#### PROBLEM REQUIREMENTS
Below is a listing from which only part is wanted; return exactly the lines from the one with "CEINTURE EN CUIR MONO PLAQUE RONDE 35MM" up to and including the one with "Фаллоимитатор LoveToy Realistic".

#### PROVIDED RECORDS
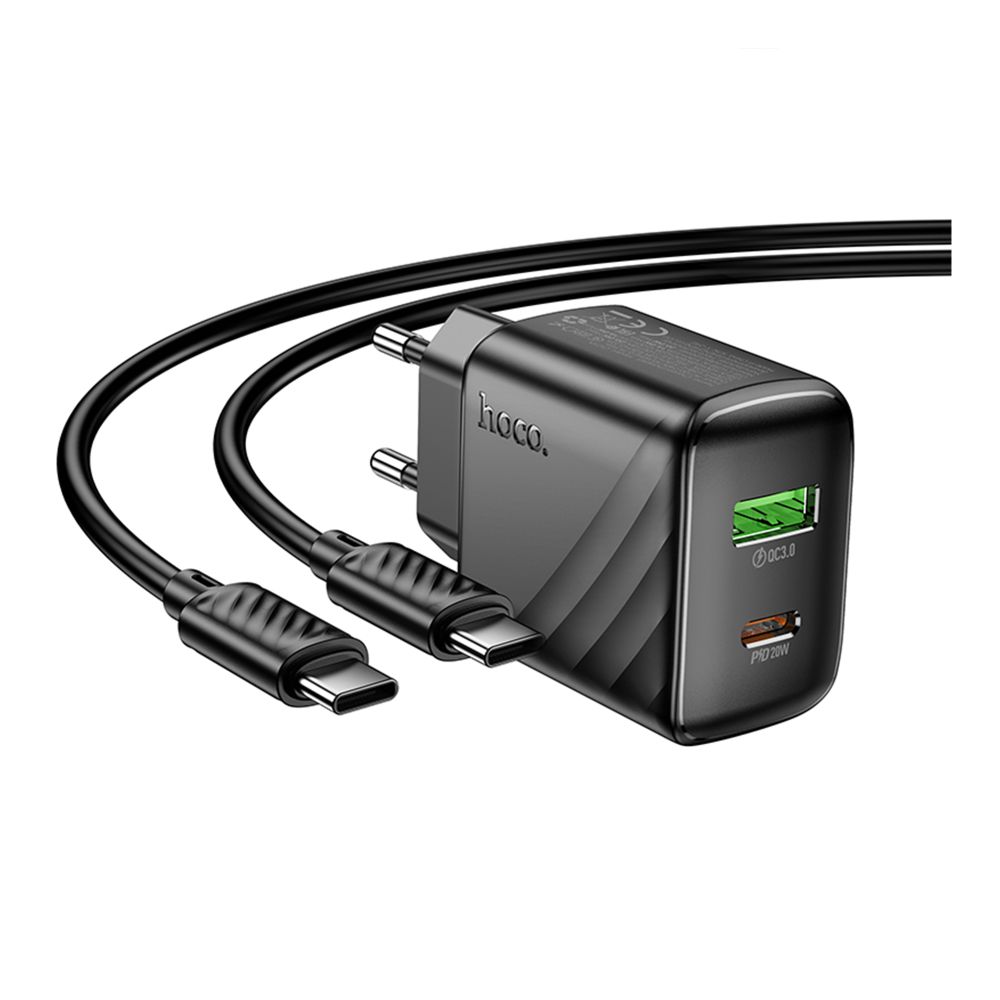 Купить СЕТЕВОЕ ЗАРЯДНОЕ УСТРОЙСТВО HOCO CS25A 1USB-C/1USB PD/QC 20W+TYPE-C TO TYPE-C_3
==
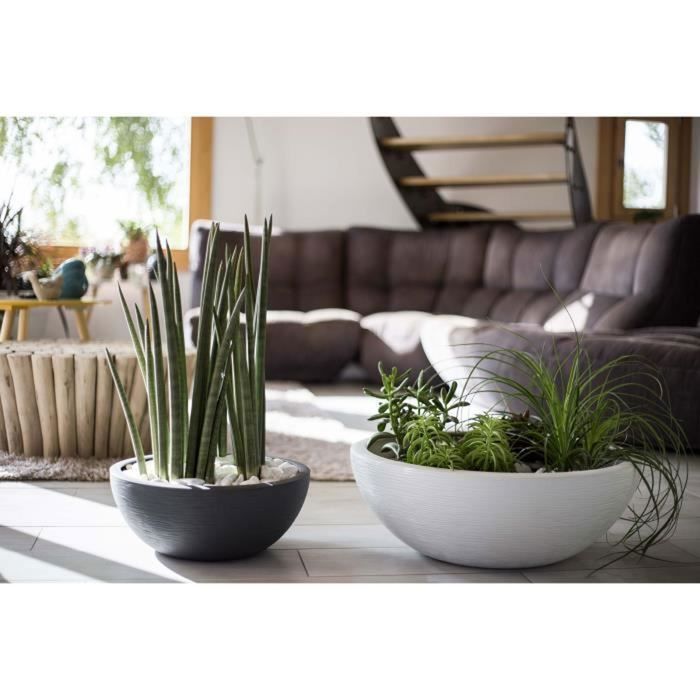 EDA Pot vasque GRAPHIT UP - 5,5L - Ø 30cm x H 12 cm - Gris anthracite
--
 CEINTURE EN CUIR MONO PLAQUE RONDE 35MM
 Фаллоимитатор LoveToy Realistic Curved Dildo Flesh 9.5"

#### COMPLETED EXERCISE
 CEINTURE EN CUIR MONO PLAQUE RONDE 35MM
 Фаллоимитатор LoveToy Realistic Curved Dildo Flesh 9.5"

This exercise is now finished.